Required work: Please repeat the lines below exactly. Begin with the line containing "Aveainelle Kinderwagen 3" and go on through the line containing "Sterling Silver Rhodium-plated".

Data for analysis:
____________

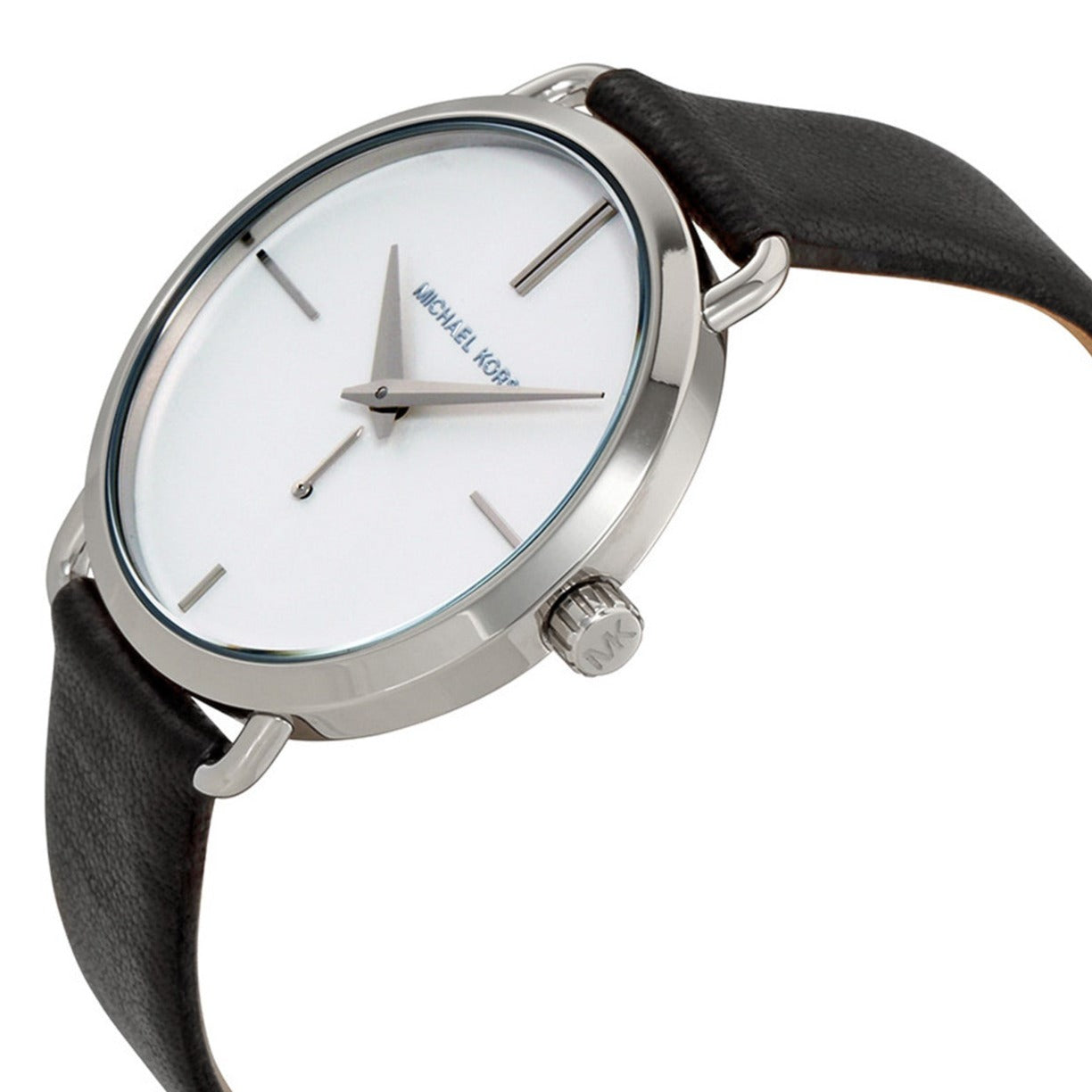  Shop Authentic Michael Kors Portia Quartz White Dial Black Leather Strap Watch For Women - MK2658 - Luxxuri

____________

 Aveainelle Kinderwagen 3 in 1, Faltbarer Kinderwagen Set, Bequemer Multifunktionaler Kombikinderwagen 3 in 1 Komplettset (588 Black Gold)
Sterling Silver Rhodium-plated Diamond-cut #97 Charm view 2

____________

Answer to this exercise:
 Aveainelle Kinderwagen 3 in 1, Faltbarer Kinderwagen Set, Bequemer Multifunktionaler Kombikinderwagen 3 in 1 Komplettset (588 Black Gold)
Sterling Silver Rhodium-plated Diamond-cut #97 Charm view 2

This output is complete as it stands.